* What the task requires *
Take the listing below and output it exactly, with no images.

───── Records for this task

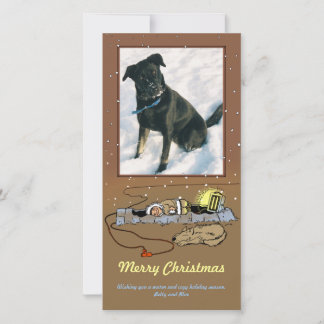 "Noël chaud et cosy" Carte photo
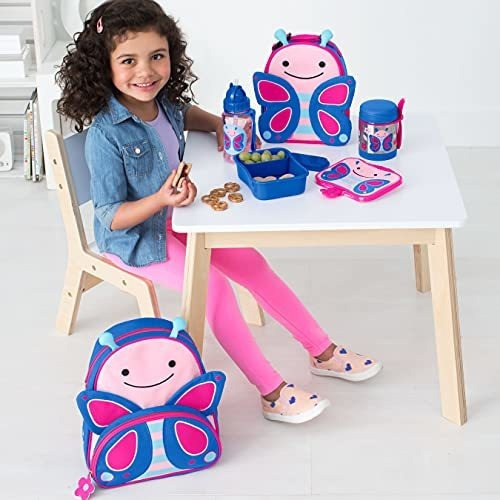 Imagen 3 de 6 de Skip Hop Toddler Backpack, Zoo Edades Preescolares 2-4, Mari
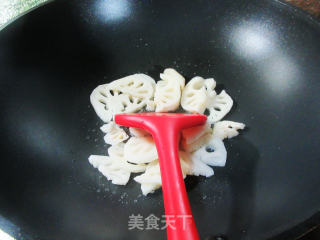 蛋饺莲藕煮毛毛菜步骤4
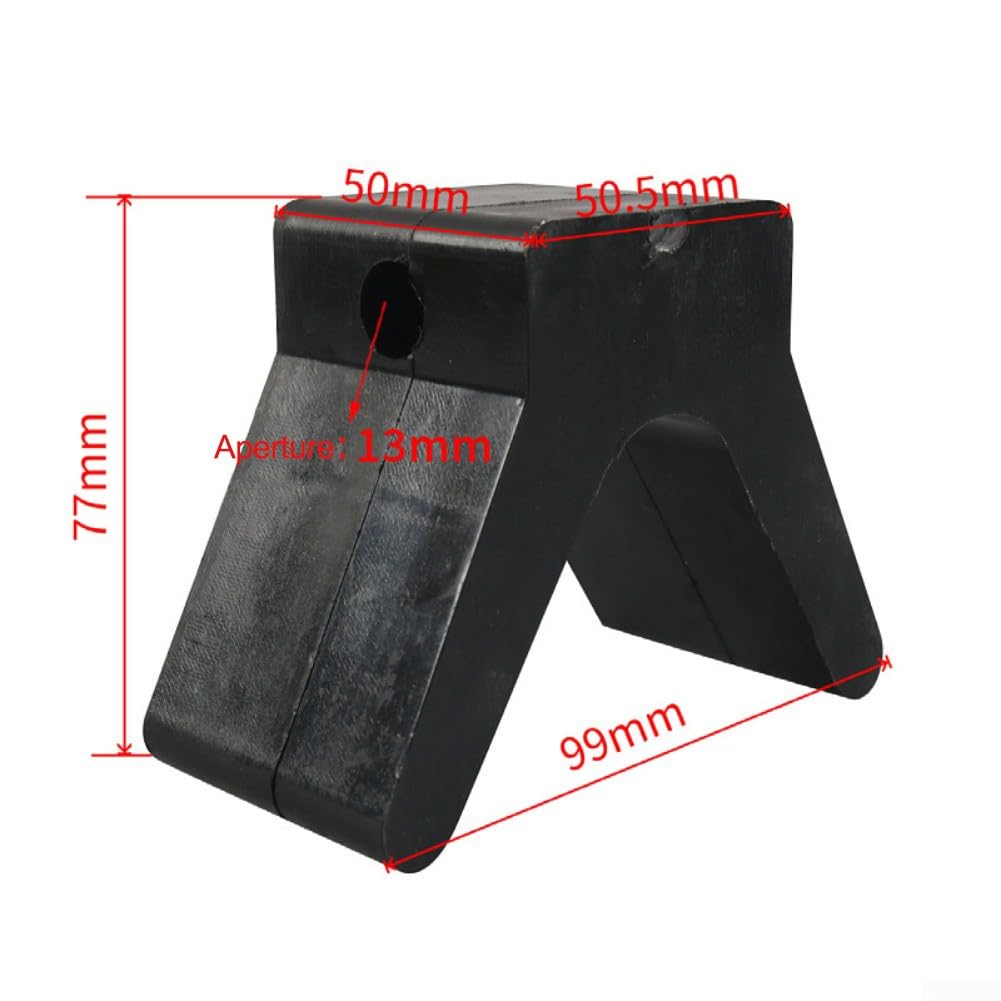 Blocco a V in poliuretano per rimorchio barca 5,1 cm nero 1 sztuka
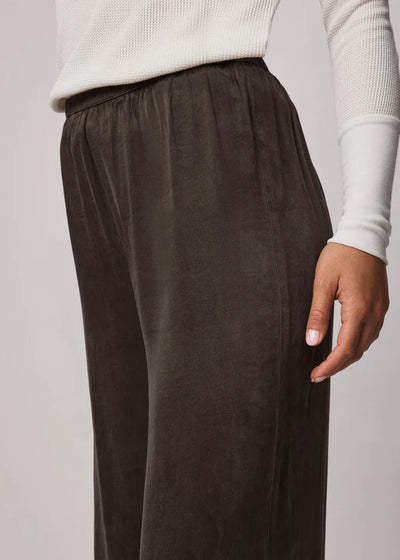 Splendid Serena Satin Pants Soft Chocolate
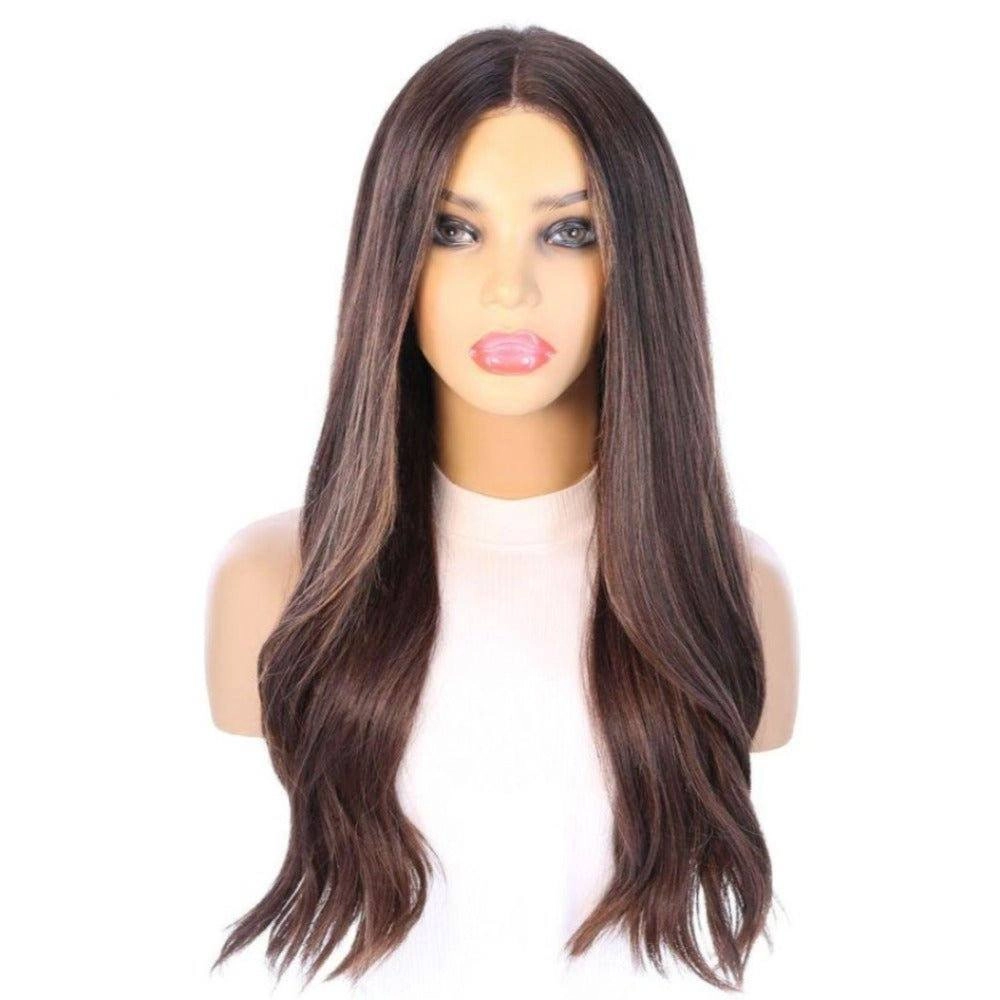 24" Divine Luxe Lace Top Wig #Dark Brown w/ Balayage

──────────

* Result of the exercise *
 "Noël chaud et cosy" Carte photo
 Imagen 3 de 6 de Skip Hop Toddler Backpack, Zoo Edades Preescolares 2-4, Mari
 蛋饺莲藕煮毛毛菜步骤4
 Blocco a V in poliuretano per rimorchio barca 5,1 cm nero 1 sztuka
 Splendid Serena Satin Pants Soft Chocolate
 24" Divine Luxe Lace Top Wig #Dark Brown w/ Balayage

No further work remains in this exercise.